In an unusual but unsurprising development this May, the Bajrang Dal and the police at Madhya Pradesh’s Seoni district admitted that they work in coordination. The admission came after police arrested a group of men reported to have links to the Hindutva outfit for lynching two tribal men on suspicion of cow slaughter. While trying to give a cloak of legality to the activities of Bajrang Dal workers, the admission is also indicative of how states ruled by Bharatiya Janata Party are reinventing the policing model. This reinvention appears to be moving towards a pattern seen under the Nazi rule in Germany—one which culminated with security forces taking directions from the brown-shirted paramilitary wing of Hitler’s party.
The two tribal-community members, Dhansai Invati and Sampatlal Vatti, died early on 3 May after around fifteen people to twenty people attacked them in Simaria village. Families of six of the accused have said that they were associated with the Bajrang Dal, a Rashtriya Swayamsevak Sangh offshoot and sister organisation of the ruling BJP, according to a report in the Indian Express. While the Bajrang Dal has not clearly admitted to its role in the incident, the publication also quoted its district coordinator in Seoni, Devender Sain, as saying, “Those two men should not have died. We are sorry about that.”

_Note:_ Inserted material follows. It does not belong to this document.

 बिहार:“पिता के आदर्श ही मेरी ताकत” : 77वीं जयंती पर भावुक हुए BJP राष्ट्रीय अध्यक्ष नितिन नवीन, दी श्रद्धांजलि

As the lynching touched off a major political row, the Bajrang Dal began a damage-control exercise and claimed to be working in coordination with the police, the report noted. “The men who are accused of being members of our unit handed over the two men to police,” Sain told the publication. “We coordinate with police on every cow protection raid giving them crucial tip-offs.” Sain’s assertion was confirmed by the superintendent of police in the district, Kumar Prateek, who revealed that he had repurposed a highway patrol unit meant to prevent highway robberies to focus on cattle smuggling. Prateek claimed “that roping in the vigilante outfits denies them the excuse that the administration is not checking cattle smuggling.” He told the Indian Express, “I am in touch with most of these outfit members … Per day we get one-two informer tip-offs.”
The revelation by the superintendent is telling of the physical setting in which policing has been taking place in BJP-ruled states. I came across a case with such a setting in July 2021 while reporting on a series for Article 14 on the misuse of sedition law in Uttar Pradesh, another BJP-ruled state. On 9 November 2018, Feroz Ahmad, an electrician with a small shop at Nautanwa in Maharajganj district, was arrested for sedition—a charge that the police had to drop two and a half months later.
I reported that when Ahmad was arrested and brought to the police station, the line between the force meant to preserve law and order and a Hindutva outfit—in this case Hindu Yuva Vahini, the state chief minister Adityanth’s personal army of Hindu communalists—was barely noticeable. “There were around twenty Hindu Yuva Vahini men in the police station when I was taken in. They started shouting ‘Jai Shri Ram’ the moment they saw me,” Ahmad told me later. “I was scared as I saw Narasingh Pandey telling policemen about the specific charges that would be used against me.” Pandey, the district president of the HYV, was the complainant in the case. Ahmad added, “I could clearly see matters slipping out of the hands of the policemen.”